Kumquats are native to China where they have been grown since the 12th century. They arrived in America from Japan around 1855, primarily for ornamental use. The foodways of Southeast Asia incorporate kumquats and they are grown there commercially. Here, California and Florida provide the best growing conditions.
The two most common kumquat varieties are Nagami and Meiwa. The latter is round and sweeter. Botanically, they are not citrus but of the genus Fortunella. Nagami is more suited for commercial production and is more widely available. The kumquat season is short and the fruit can be pricey. Best to find a friend who grows them. If you’re in San Diego, check Specialty Produce for availability. January and February are good months to look for kumquats.
Specialty Produce offers suggestions for using in sweet and savory preparations. You’ll also find links to 19 kumquat recipes here and a list of 29 restaurants in the San Diego area currently purchasing kumquats.

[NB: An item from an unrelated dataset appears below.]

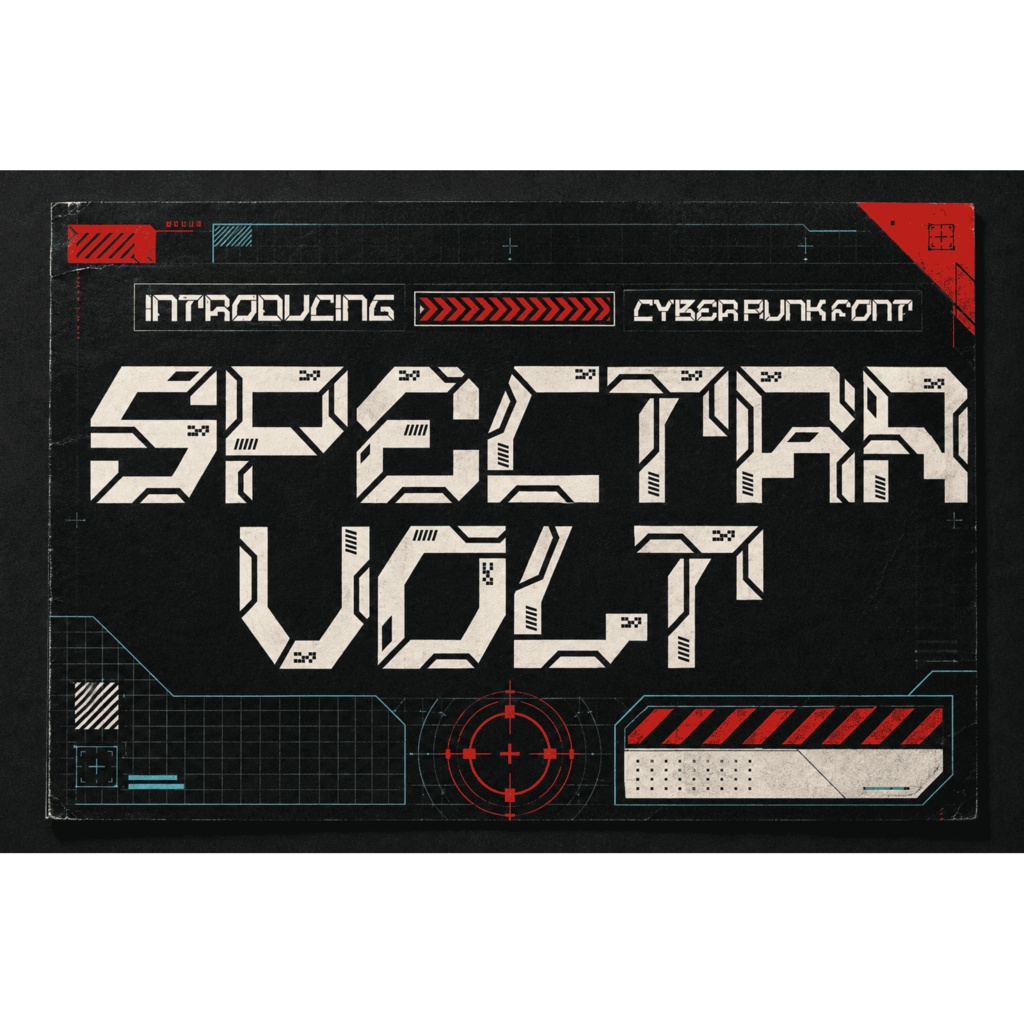 Vexora | サイバーパンク英字フォント / Cyberpunk Display Font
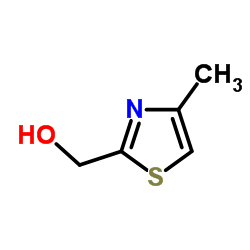 (4-甲基-1,3-噻唑-2-基)甲醇结构式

As Kumquats are entirely edible, they are a versatile ingredient in both sweet and savory preparations. Slice Kumquats into coins and cook with sugar and water until candied, then use to top pound cake or ice cream. Add sliced Kumquats to pomegranate juice, champagne and club soda for punch. Poach Kumquat slices in sugar and water, then layer over a tart shell baked with almond and butter filling, topped with kumquat syrup. Cook Kumquat and onion slices until softened, then add lamb breasts, braising liquid and cook tagine until meat is done, then serve over couscous. Dice Kumquats and mix with diced avocado, red onion, cilantro and lime for a fresh salsa.

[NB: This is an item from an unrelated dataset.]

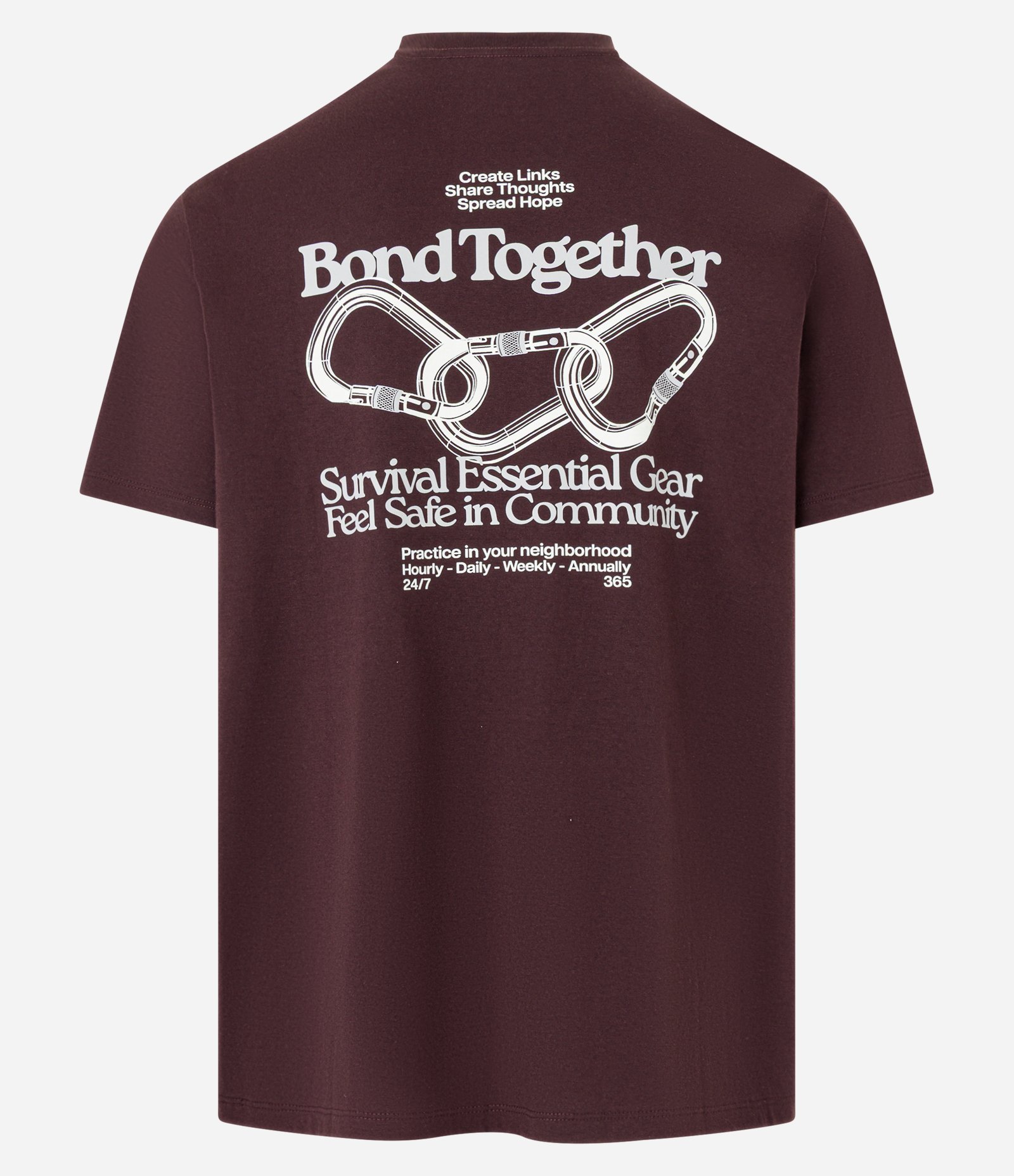 Camiseta Comfort em Algodão Peruano com Estampa Lettering Marrom 6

I can’t wait to try a lavender kumquat shrub recipe found on the Specialty Produce recipe list. A beverage with these two exotic food flavors is dreamy.
And now for kumquat marmalade.
I searched the internet for kumquat marmalade recipes and found a variety of preps. I opted for easy and a method that made sense to me, choosing Chef John’s Kumquat Marmalade. I’ve made it twice and will probably make one more batch.
About 60 of my Nagami kumquats made 3.5 cups of marmalade. Unlike my orange marmalade, I don’t share my precious stash of kumquat marmalade.
Imagine a formal garden allee of kumquats.
I wonder if the students at Westmont College in Santa Barbara know the kumquats are edible.